The director of the U.S. Secret Service, Julia Pierson, has resigned.

Administration officials say Pierson offered her resignation to President Barack Obama, and that he accepted it.

Earlier Wednesday, key lawmakers voiced new criticism of her and the Secret Service, after recent lapses in White House security.

House of Representatives Speaker John Boehner said that as more details emerge about the security breaches, "the clearer it becomes that the Secret Service is beset by a culture of complacency and incompetence." He called for an independent investigation.

House Democratic leader Nancy Pelosi also urged a new investigation.

Their criticism of the Secret Service, the agency charged with protecting Obama and his family, came as accused White House fence-jumper Omar Gonzalez appeared in a Washington court. He pleaded not guilty to charges that he eluded security and ran into the presidential mansion September 19 with a serrated knife in his pants pocket before he was apprehended.

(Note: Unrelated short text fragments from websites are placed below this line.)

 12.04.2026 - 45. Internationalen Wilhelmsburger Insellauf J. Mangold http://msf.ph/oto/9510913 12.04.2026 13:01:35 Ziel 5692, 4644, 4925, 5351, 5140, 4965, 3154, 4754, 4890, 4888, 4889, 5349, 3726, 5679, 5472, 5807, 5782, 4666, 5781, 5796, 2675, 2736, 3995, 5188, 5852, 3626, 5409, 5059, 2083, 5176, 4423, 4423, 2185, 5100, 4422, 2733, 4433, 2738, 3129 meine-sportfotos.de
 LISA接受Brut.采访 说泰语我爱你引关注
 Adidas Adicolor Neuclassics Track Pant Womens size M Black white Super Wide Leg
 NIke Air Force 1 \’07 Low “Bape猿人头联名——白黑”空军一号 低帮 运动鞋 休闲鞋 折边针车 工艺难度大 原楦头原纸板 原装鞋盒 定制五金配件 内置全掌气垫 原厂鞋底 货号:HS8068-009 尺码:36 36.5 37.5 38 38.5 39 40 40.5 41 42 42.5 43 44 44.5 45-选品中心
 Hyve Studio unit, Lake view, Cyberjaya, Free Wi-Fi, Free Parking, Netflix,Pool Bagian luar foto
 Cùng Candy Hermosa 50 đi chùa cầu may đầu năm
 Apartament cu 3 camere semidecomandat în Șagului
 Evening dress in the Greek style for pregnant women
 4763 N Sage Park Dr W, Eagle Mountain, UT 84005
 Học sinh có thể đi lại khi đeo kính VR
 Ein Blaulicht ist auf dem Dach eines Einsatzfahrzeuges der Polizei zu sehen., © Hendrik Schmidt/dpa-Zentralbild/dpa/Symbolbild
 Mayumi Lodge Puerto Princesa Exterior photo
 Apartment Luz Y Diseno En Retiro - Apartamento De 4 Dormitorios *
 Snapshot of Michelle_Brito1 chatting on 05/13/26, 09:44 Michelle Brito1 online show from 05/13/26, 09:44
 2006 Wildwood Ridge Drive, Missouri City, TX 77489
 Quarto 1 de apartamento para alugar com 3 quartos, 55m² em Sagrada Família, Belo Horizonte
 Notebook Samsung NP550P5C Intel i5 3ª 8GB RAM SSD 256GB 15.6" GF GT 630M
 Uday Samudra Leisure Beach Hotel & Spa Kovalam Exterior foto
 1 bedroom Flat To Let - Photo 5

In a separate incident three days before in the southern city of Atlanta, Georgia, a security contractor armed with a gun who had previously been convicted of assault rode on an elevator with Obama and his security detail, even through the Secret Service did not know of his background or that he was armed.

The Atlanta incident was revealed hours after Pierson testified Tuesday before a congressional committee investigating shortcomings at the agency, but never mentioned the elevator security breach.

Pierson said the intrusion into the White House was unacceptable, took "full responsibility" for it and vowed that it would not happen again.

U.S. Secret Service Director Julia Pierson takes her seat to testify at the House Oversight and Government Reform Committee hearing on "White House Perimeter Breach: New Concerns about the Secret Service" on Capitol Hill in Washington, Sept. 30, 2014.

She said the 42-year-old Gonzalez barreled past one agent, and was only caught after running into the ceremonial rooms on the first floor of the presidential mansion, one of the most secure buildings in the United States.

The Secret Service at first said Gonzalez was arrested just inside an unlocked White House door, and that he was unarmed at the time. The president and his daughters had left the residence shortly before the incident, while first lady Michelle Obama had departed earlier.

In one 2011 incident, gunfire hit the White House, but damage from the bullets was only discovered four days later.

In other Secret Service wrongdoing, agents were involved in a prostitution scandal on a presidential trip to Colombia in 2012, and a night of drinking in March led to three agents being sent home from a presidential trip to Amsterdam.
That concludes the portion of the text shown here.